Your household depends on your income
Whether you're single, the breadwinner, or a one-income household, your household needs your income not only to manage expenses but also to keep pace with savings goals. While you may already have group long-term disability coverage through your employer, that may not completely cover your needs.
These policies typically cover 60% of your income. But group benefits usually only cover base salaries and do not include bonuses or commissions. Make sure you understand what forms of compensation your benefits protect.
In addition, group disability benefits paid by your employer would be taxable if you ever received them. This lowers your true coverage amount, since it introduces an expense along with the benefit.
So, for example, say you made $200,000 per year — but only $75,000 of that compensation is salary — and your group policy covers 60% of base pay. Your disability insurance may only provide a benefit of $45,000 per year. Another 12% to 22% of that would be taken out for taxes.

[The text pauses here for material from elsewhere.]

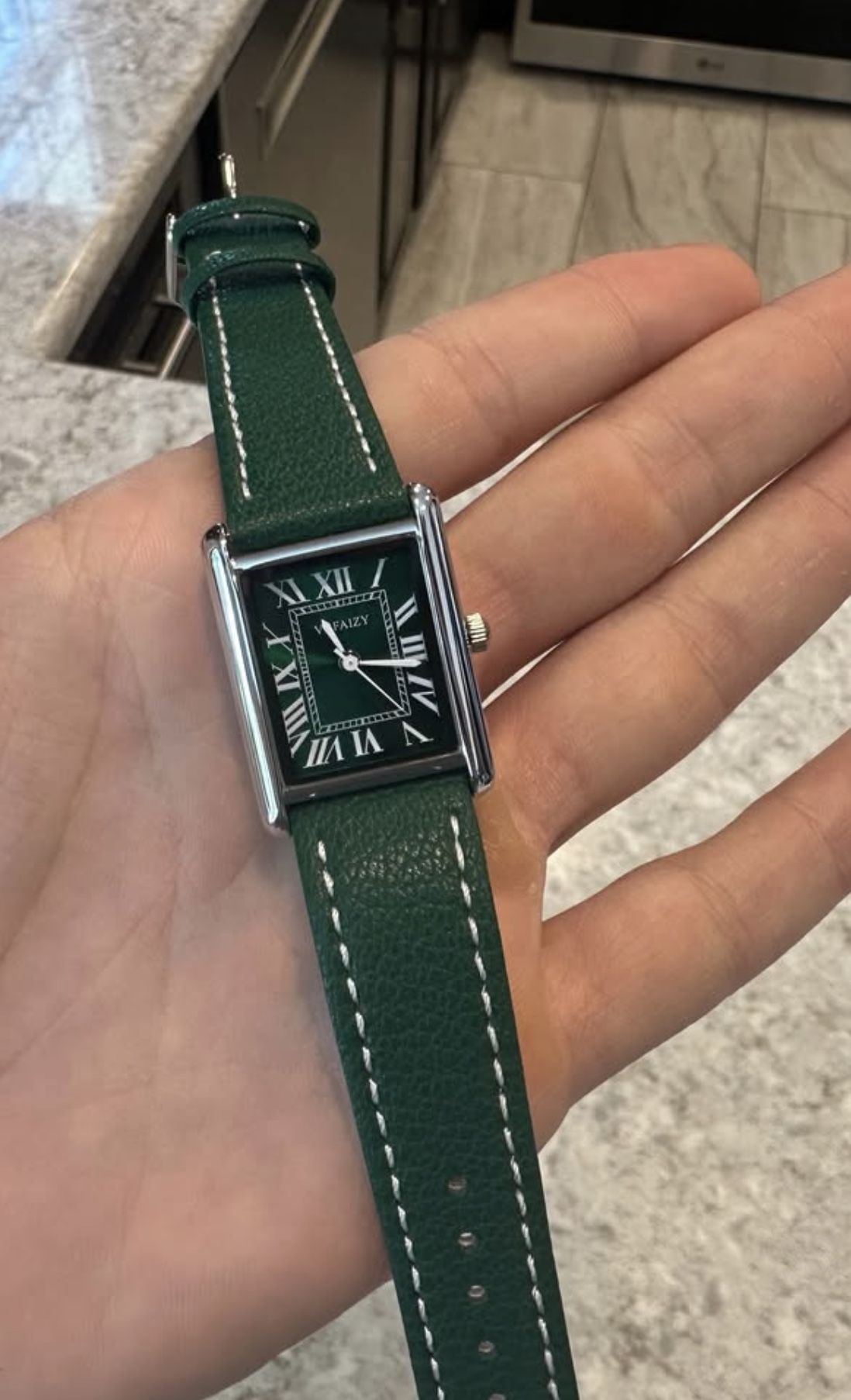 Women’s Vintage Rectangular Watch – Roman Numerals & Leather Strap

Keep in mind, too, that you can't take a group disability insurance policy with you if you switch jobs every few years (something that 64% of professionals believe is a good thing for their careers). Leaving a job also means leaving your benefits, which could mean failing to protect against the risk of being sick or injured.
It might be worth looking into a private or group policy you buy yourself (and pay for with after-tax dollars) so you can ensure you could still afford your family's current lifestyle if you were unable to work.
You're self-employed or a contractor
The need to protect your ability to earn an income doesn't change if you work for yourself rather than an employer — and in fact, it might be even more critical for you to get a disability insurance policy if you're self-employed as you don't have a company-provided group policy to fall back on.
You should shop around and consider purchasing a private long-term disability insurance policy. While you're at it, you may also need to shop for overhead expense insurance, too.
Disability insurance covers your income. Overhead expense insurance, meanwhile, provides a benefit the business can use to pay for fixed expenses, like employee salaries, business-related loans, rent or mortgages, and utilities, during the owner's recovery.
This policy's overarching goal is to keep the business healthy long enough for you to get back on your feet, find an alternative arrangement, or develop an exit strategy if you could no longer fully run the business. The benefit periods for these policies are short in nature and typically last 12 to 24 months.
You work in a high-risk profession
When it comes to sustaining illness or injury, some professions pose greater risks than others. Some are obvious, like law enforcement, construction, or machine operation.
But if your discipline depends on the working function of one body part (i.e. a surgeon and their hands), then disability insurance should be high on your priority list as well. Remember to account for mental wear-and-tear, too; a big mistake people make is assuming that disability insurance is only for physical issues.
Disability insurance is a universal need for working professionals who need to earn an income to pay bills and add to savings. No matter how much or little you make, your earning power needs to be protected.